Packed Pockets

In honor of Father's Day this month I thought I'd talk about a collection dominated by the male cards.

Although baseball cards have been around the longest, the "card" collectible field now runs amuck with just about any type of sport's card. Baseball cards are still the most easily obtainable with football and basketball cards coming in as close seconds. I have seen hockey, golf, and even auto racing cards for sale. I suppose, if you know where to look, you can find collectible cards of any sport or sport "hero" (I use that term loosely).

In recent years, baseball card collecting has become quite the hobby, but let's take a good look at what caused this phenomenon. In the "olden days", children would save up their pennies to purchase cards with pictures of their favorite baseball heroes, and enjoy a large piece of chewing gum to boot! These young boys collected the cards not so much for their monitory worth, but because they liked certain players, certain field positions, or certain teams more than others. Some kids collected all third base player's cards in hopes of someday becoming a famous player in the same position. Some kids loved the White Sox and it became a mission to gather up all the players on the team that year. And, some kids just liked Babe Ruth, etc. Back then it was a wholesome kind of hobby where young boys would trade card for card with their friends. Some cards became "clickers" by attaching the cards to bicycle tire spokes, some got "pitched" up against a wall, and some just plain got thrown away.

Today's baseball card collectors, for the most part, are not young boys. When my son was born my best friend advised me to purchase a "set" of baseball cards once a year so that when he was old enough to appreciate them he would have a nice collection to add to, thereby not costing dear old mom a small fortune in both money and time searching for previous years cards. So, not knowing a thing about collecting these cards, and admitting that I knew very little about the sport on a whole, I embarked on a world, well....its not a pretty picture. The first place I headed was to the library where I borrowed books on the subject of collecting these cards. One book, in-particular, was extremely interesting. This book was published in the late 1980's and written by a successful investor/trader from New York. This guy was approximately 50ish by the look of his picture on the jacket cover. He explained how he became successful and what to look for in counterfeit cards. Little did I know the book was so far outdated that most of the advice he offered no longer pertained to the hobby. The hobby had changed drastically shortly after his book was published, but this news was yet for me to discover.

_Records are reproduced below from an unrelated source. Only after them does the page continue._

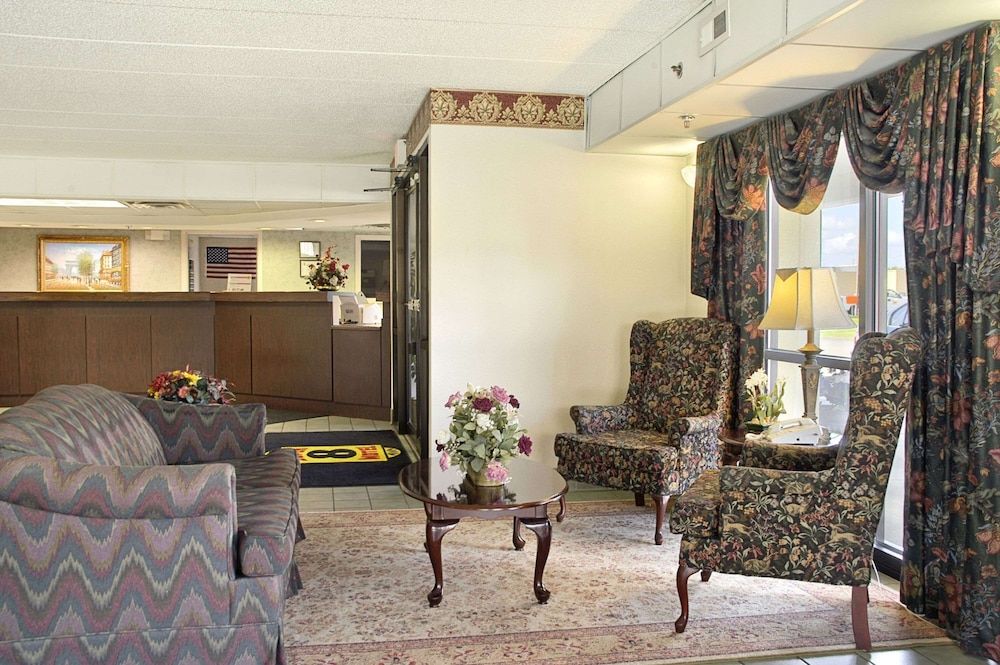 Super 8 by Wyndham Ruther Glen Kings Dominion Area 2 estrelas em Ruther Glen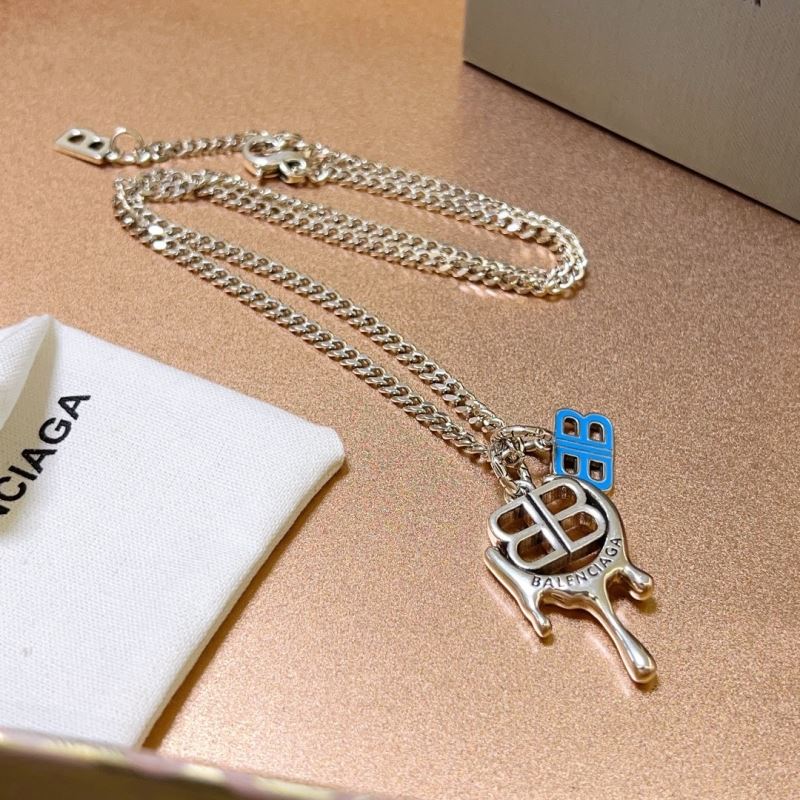 Balenciaga Necklaces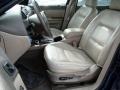 2001 Medium Royal Blue Metallic Mercury Sable LS Premium Sedan  photo #3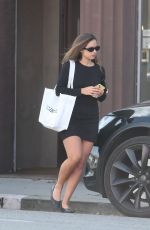 ADDISON RAE Out Shopping in West Hollywood 10/26/2023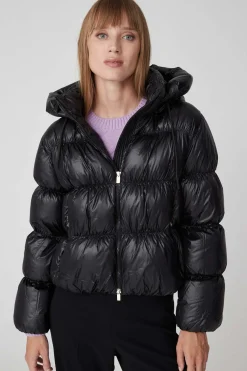 Caila-Piumino Nero Arricciato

Thinking I was ready for the next step, I purchased a commonly found magazine solely dedicated to the hobby of baseball card collecting. The magazine gave me the current "value" of hundreds of thousands of cards (or so it seemed), several articles regarding the hobby, and a plethora of sales ads begging me to call their one-eight-hundred telephone numbers for the best "deal". As soon as I walked into my home with this magazine, my husband located his baseball cards, saved from his youth, to see if he had anything in his position that may have allowed us to relocate to a more spacious dwelling. Alas, we are still in our cozy love nest. The magazine only served to confuse me even further, but it did shed a single ray of concrete light that I most definitely needed. I found out that there are no more "sets" available. Apparently, baseball card manufacturers were not raking in enough money to please them during the height of the most recent card collecting frenzy of the early 1990's, so they decided to stop creating sets of cards, thereby forcing the public to purchase untold packs of cards to create a set. Hello! This meant that all those young boys out there spending their allowance on baseball cards at the grocery store would probably never be able to collect a complete set of cards for the current year, unless their parents were VERY generous with their weekly dole-outs, because those ten cent packs of cards are now costing any where from $1.00 to $2.50 per pack, and the poor kid doesn't even get his chewing gum anymore! Is it just me, or do you also see something going wrong with this "wholesome" hobby.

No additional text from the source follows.